10 seconds is all it takes
The "smart" fence surrounding the settlement was designed to identify movements caused by touch, cutting or shaking. The computer screen registers the time of the breach, the time that the alarm was turned off by the guard, and the time that the breach was terminated.
"This case did not seem suspicious because animals sometimes touch or collide with the fence for many minutes," Antropov said.
"It was irrelevant because it was a routine occurrence," Ben-Shitrit added. "There can be a shift with 200 fence collisions caused by animals."
But a security source claimed that if the guard was properly trained, he would have realized that it wasn't an animal rocking the fence.
While the fence does not differentiate between animal and human touch, the length of the alarms should have raised suspicion. Out of the eight warning messages that registered on the screen that evening, the longest one lasted 18 seconds.
"According to a test done after the terrorist attack, it takes 10 seconds on average to get through the fence," Antropov said. "A fat tracker got past the fence with a jump, and there was a shock that lasted maybe a few seconds."
Antropov noted that he and his fellow guards did not train extensively on the fence system.
"We were ordered to treat each warning in the dead spot in the same manner, regardless of how long it lasted, by sending a patrolman out," he said. "Only after the attack did the technician explain to us the different lengths."
Procedure changed after attack
An IDF element said that Itamar's security procedure was written by the security coordinator and an IDF regional defense officer, and signed by a brigade commander. The security coordinator was trained on the procedure by IDF officers.
"I did not see any security procedure file before the attack," Antropov said. "Now it's in the operation room."

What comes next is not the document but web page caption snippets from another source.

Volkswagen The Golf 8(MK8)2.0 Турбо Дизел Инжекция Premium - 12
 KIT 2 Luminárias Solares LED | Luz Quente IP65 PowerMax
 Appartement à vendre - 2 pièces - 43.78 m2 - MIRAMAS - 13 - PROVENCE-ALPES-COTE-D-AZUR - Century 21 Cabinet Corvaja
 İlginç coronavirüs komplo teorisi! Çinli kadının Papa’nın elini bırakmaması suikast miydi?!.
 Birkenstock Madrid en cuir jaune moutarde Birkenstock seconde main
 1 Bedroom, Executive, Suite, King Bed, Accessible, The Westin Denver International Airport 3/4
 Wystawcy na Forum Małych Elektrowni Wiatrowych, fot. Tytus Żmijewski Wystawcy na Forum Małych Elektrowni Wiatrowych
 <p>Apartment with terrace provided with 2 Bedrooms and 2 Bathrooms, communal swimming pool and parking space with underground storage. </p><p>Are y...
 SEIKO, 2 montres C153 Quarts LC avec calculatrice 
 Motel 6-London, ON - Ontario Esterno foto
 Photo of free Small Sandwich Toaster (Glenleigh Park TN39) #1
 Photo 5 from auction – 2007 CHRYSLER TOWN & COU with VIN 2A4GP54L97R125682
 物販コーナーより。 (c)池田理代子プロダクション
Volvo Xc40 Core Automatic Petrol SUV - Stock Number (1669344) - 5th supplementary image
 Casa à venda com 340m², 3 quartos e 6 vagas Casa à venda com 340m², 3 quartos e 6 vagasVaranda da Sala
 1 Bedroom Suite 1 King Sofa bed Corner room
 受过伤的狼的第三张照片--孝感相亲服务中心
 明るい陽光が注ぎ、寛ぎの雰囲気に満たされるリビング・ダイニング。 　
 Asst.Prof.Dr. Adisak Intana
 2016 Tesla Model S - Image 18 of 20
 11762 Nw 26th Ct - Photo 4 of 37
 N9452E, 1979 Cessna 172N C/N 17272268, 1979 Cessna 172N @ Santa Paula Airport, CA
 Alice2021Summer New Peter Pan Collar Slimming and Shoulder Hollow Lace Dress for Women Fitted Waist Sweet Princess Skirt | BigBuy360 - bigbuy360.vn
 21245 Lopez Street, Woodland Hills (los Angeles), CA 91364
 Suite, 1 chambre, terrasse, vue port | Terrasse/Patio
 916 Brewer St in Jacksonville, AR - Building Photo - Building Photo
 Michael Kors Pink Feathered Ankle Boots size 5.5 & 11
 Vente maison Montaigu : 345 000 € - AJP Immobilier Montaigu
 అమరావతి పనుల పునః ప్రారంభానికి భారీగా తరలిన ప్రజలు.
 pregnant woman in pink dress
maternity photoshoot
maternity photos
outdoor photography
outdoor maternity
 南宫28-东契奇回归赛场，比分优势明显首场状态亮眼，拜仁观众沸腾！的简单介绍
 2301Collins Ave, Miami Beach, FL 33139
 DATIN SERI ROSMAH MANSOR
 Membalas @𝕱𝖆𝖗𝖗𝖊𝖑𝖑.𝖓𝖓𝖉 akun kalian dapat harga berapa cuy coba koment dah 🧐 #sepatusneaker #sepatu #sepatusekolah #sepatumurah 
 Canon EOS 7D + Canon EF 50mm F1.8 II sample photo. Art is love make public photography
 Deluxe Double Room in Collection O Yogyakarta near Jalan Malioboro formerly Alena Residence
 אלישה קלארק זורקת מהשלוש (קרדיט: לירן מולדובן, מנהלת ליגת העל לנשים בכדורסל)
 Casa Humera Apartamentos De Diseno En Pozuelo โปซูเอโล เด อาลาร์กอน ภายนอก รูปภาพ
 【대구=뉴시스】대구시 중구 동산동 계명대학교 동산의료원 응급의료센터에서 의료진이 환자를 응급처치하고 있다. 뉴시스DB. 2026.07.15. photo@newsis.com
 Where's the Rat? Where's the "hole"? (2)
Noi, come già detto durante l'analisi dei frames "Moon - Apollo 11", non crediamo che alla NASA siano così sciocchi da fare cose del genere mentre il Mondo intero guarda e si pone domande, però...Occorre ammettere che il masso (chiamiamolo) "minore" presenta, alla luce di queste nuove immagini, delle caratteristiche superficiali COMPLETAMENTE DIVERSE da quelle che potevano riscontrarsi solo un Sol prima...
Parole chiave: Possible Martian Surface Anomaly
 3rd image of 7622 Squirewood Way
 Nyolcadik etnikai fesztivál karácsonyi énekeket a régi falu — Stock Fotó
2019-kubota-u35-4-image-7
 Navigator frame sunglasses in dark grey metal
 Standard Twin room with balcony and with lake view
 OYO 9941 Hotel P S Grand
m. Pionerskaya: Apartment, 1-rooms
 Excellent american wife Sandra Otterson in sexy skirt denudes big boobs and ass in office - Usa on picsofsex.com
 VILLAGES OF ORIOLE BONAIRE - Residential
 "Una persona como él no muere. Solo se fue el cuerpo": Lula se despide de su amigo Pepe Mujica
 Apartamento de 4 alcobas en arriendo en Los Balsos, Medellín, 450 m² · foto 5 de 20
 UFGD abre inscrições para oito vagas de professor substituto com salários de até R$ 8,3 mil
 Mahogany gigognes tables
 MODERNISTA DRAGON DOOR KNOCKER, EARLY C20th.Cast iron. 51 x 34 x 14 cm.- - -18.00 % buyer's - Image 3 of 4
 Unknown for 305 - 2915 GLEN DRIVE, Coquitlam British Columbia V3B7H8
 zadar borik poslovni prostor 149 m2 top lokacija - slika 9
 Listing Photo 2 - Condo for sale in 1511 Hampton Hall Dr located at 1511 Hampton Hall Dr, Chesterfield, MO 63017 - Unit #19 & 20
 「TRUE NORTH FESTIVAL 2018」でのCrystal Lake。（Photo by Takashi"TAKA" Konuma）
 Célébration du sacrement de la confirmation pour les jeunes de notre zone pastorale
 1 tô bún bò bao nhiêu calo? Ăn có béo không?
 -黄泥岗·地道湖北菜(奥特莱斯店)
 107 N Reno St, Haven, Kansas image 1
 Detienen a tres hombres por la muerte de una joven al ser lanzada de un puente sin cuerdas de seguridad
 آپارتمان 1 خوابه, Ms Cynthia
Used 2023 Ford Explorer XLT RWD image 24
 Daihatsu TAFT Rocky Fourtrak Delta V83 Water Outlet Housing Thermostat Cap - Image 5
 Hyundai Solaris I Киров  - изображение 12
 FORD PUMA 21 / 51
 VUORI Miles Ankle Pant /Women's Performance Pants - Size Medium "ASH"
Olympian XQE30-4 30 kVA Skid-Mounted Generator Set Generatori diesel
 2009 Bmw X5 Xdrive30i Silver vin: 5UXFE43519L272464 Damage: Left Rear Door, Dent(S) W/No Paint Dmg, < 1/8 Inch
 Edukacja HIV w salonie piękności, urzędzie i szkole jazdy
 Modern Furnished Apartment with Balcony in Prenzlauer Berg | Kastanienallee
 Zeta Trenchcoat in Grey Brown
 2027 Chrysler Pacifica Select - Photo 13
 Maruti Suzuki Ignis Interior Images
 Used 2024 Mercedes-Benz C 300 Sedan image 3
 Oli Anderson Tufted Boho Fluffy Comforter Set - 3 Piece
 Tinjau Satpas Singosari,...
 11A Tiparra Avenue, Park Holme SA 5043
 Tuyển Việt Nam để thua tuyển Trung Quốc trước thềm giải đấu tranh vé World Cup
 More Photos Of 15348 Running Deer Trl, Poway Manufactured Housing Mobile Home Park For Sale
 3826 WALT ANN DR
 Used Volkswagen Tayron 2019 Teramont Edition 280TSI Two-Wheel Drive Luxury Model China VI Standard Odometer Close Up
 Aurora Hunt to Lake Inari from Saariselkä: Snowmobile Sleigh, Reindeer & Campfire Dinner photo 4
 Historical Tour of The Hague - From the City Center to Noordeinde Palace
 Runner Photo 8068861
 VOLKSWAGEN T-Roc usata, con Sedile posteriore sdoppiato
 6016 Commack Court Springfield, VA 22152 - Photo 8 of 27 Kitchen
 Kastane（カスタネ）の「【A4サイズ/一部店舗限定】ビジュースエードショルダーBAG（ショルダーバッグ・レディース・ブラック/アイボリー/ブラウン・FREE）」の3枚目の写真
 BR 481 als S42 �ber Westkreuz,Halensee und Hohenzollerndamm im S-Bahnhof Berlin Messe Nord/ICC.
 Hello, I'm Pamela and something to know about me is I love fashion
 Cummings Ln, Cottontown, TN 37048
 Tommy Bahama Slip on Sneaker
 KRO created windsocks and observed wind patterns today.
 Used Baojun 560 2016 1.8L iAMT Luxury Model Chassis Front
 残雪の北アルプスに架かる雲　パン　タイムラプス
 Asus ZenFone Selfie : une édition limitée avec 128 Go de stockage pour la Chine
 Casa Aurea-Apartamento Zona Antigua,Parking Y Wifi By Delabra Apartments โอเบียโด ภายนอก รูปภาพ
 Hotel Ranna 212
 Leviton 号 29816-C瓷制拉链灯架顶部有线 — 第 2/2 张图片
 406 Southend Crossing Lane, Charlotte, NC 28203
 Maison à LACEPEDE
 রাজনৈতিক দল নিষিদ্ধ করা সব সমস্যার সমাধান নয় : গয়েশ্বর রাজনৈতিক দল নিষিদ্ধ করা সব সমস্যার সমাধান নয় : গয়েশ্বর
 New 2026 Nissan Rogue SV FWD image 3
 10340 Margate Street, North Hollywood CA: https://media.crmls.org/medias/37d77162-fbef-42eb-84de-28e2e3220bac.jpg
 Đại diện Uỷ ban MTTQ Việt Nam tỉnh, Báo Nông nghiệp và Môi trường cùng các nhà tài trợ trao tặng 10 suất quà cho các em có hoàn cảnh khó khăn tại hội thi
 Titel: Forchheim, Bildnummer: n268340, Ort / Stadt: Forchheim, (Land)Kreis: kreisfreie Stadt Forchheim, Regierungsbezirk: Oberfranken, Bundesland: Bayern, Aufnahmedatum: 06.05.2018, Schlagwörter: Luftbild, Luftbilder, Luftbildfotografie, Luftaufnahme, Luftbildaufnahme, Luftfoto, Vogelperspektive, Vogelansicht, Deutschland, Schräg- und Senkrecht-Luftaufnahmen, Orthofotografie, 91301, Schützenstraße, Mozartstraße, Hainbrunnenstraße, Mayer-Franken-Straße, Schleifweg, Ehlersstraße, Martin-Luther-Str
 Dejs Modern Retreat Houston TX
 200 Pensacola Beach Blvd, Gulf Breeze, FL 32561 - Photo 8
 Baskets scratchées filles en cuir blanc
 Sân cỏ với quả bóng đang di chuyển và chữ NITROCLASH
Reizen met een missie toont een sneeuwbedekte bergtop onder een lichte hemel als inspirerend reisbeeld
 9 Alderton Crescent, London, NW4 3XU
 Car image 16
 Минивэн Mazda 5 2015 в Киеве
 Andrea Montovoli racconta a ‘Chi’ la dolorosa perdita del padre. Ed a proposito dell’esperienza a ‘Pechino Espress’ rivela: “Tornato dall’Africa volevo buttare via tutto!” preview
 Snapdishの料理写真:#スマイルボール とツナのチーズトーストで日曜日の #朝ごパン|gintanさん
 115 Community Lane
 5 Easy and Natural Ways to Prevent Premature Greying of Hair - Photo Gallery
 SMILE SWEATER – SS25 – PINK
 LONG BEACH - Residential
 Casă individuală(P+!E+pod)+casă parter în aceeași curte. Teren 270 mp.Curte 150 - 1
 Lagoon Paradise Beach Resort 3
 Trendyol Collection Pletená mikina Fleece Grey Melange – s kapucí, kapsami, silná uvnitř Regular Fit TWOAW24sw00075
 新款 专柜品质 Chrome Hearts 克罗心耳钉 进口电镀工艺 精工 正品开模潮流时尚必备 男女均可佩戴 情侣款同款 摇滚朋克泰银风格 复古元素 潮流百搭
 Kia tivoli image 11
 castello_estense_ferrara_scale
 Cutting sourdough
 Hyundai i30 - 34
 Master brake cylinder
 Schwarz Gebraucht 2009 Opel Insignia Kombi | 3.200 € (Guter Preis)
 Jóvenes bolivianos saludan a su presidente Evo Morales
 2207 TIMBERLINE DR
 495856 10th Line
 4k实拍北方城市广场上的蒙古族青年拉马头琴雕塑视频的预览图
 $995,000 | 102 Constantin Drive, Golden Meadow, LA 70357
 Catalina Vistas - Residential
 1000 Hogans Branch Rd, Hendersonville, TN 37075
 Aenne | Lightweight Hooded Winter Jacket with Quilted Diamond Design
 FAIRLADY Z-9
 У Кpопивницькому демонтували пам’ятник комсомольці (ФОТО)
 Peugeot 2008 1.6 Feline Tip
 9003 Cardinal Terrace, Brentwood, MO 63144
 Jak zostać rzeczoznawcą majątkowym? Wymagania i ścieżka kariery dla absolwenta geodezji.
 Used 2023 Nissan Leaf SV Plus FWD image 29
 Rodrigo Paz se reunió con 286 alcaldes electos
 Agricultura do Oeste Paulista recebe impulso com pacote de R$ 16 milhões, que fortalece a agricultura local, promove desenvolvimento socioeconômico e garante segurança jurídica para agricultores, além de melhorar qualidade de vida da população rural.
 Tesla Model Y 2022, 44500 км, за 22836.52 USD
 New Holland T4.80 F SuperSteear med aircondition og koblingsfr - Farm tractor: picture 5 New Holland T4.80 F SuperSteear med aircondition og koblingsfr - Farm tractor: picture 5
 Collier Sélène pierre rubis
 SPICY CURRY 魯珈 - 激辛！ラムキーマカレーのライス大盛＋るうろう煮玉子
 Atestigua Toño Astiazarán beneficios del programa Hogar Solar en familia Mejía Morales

Furthermore, before the attack it was unclear who is supposed to sign off after a false alarm sounds; the guards would notify the security coordinator, then things would return to normal. The procedure changed after the attack, requiring an IDF brigade to patrol the area of the breach if no sign of an animal is found. A brigade commander or deputy commander must sign off before routine activity is resumed.
According to a Samaria security element, the IDF usually is not dispatched in response to shocks to the fence. "While the patrol unit is notified in most cases, there were so many warning messages lately that it stopped responding to them," he said.
From 11:09 pm to 11:11 pm, another string of five warning messages registered in the Itamar operation room. Some of the messages lasted almost 30 seconds. A patrolman searched the fence, again not finding anything. The guards returned to normal, this time not notifying the security coordinator. In retrospect, it was found that at that time the killers climbed the fence on their way out. The Fogel family members were already dead.
An IDF spokesman said in response that the army is looking into the incident, and the findings of the inquiry, which should be presented before the Central Command chief and the IDF chief of staff in the coming days, will be studied and internalized. He also noted that the fence is responsibility of the regional council.
"Itamar's fence is one of the best in the world, and the defense establishment approved it," said Eitan Livne, the president and CEO of Magal Security Systems, which manufactured the fence's sensors. "It fulfils the strict criteria of few false alarms and high chances of registering true warnings."